» Problem to work on: What do the lines say from the start of the entries through the one containing "pinda's | Peace"? Repeat them exactly.

» Records for this task:

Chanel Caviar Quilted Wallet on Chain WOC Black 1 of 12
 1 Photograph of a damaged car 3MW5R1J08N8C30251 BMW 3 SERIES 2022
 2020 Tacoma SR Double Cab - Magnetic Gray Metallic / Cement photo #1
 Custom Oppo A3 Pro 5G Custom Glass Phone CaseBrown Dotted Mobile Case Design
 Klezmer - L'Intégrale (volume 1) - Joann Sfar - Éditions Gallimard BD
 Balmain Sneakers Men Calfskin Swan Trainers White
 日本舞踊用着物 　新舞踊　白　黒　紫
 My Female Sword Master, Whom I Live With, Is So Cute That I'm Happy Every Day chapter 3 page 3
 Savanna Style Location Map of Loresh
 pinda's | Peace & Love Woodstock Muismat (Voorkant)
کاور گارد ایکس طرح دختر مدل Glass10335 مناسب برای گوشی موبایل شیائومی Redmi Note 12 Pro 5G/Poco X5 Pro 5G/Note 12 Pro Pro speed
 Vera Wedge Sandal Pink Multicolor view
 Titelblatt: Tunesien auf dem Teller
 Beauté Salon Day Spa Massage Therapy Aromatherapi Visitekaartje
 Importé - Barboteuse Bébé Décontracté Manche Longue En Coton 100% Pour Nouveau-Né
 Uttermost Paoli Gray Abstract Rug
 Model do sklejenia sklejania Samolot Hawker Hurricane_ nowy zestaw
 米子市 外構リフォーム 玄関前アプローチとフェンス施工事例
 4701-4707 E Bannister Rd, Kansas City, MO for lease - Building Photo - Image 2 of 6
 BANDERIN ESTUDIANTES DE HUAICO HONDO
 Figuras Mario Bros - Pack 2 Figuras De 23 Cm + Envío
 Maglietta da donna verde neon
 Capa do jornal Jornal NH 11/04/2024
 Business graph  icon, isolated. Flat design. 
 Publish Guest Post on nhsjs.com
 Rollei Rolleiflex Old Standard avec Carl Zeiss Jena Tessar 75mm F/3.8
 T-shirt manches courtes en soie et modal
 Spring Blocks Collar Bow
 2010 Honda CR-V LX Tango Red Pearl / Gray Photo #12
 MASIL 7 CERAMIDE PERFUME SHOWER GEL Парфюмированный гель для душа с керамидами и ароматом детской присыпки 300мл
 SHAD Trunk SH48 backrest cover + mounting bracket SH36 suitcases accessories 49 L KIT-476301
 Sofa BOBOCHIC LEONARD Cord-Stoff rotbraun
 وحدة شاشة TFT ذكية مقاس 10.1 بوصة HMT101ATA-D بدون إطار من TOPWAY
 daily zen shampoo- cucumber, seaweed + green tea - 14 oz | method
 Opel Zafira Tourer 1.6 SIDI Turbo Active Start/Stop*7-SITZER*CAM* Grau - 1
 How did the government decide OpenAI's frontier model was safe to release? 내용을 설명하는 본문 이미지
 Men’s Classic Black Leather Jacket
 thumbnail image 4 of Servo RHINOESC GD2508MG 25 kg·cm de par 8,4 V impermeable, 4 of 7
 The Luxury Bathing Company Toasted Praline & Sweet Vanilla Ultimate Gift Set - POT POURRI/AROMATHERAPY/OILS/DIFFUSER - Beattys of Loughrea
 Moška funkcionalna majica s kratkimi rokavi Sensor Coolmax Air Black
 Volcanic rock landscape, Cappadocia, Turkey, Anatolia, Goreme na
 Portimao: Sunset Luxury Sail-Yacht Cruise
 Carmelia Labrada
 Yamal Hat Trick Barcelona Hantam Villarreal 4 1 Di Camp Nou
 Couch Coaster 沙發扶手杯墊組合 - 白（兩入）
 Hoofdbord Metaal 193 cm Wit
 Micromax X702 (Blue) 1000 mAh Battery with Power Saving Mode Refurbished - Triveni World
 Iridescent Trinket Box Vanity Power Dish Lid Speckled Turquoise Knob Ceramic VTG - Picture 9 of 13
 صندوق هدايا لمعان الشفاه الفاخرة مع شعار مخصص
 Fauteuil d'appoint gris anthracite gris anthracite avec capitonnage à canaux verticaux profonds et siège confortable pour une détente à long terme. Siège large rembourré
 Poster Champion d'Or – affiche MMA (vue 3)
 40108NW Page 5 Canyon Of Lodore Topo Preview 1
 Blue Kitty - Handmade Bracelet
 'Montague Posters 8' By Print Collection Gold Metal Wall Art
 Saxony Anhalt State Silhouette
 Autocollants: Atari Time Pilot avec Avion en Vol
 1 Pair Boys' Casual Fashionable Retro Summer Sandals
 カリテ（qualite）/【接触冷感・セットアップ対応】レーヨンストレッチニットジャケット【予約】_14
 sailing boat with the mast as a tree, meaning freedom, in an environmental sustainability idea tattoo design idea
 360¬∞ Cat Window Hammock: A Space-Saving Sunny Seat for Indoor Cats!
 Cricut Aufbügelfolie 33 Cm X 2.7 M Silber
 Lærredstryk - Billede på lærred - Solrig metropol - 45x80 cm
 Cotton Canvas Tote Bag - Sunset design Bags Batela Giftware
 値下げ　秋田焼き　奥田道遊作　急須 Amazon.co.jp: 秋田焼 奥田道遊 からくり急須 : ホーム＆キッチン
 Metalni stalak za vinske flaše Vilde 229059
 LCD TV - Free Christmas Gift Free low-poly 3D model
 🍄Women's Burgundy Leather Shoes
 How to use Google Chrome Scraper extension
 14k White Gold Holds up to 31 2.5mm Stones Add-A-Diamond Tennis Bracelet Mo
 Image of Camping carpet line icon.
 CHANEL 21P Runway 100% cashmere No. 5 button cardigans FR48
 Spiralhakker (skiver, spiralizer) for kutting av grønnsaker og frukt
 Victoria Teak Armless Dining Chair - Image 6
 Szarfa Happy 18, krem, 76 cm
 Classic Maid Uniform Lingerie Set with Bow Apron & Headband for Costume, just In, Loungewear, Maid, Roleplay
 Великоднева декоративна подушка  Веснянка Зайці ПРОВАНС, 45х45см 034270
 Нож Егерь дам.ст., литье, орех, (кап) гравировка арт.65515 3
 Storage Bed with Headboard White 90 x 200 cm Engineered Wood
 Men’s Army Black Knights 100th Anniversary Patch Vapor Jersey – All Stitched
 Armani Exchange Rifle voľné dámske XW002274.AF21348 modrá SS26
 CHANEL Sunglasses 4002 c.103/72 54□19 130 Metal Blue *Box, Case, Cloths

» Result for this task:
Chanel Caviar Quilted Wallet on Chain WOC Black 1 of 12
 1 Photograph of a damaged car 3MW5R1J08N8C30251 BMW 3 SERIES 2022
 2020 Tacoma SR Double Cab - Magnetic Gray Metallic / Cement photo #1
 Custom Oppo A3 Pro 5G Custom Glass Phone CaseBrown Dotted Mobile Case Design
 Klezmer - L'Intégrale (volume 1) - Joann Sfar - Éditions Gallimard BD
 Balmain Sneakers Men Calfskin Swan Trainers White
 日本舞踊用着物 　新舞踊　白　黒　紫
 My Female Sword Master, Whom I Live With, Is So Cute That I'm Happy Every Day chapter 3 page 3
 Savanna Style Location Map of Loresh
 pinda's | Peace & Love Woodstock Muismat (Voorkant)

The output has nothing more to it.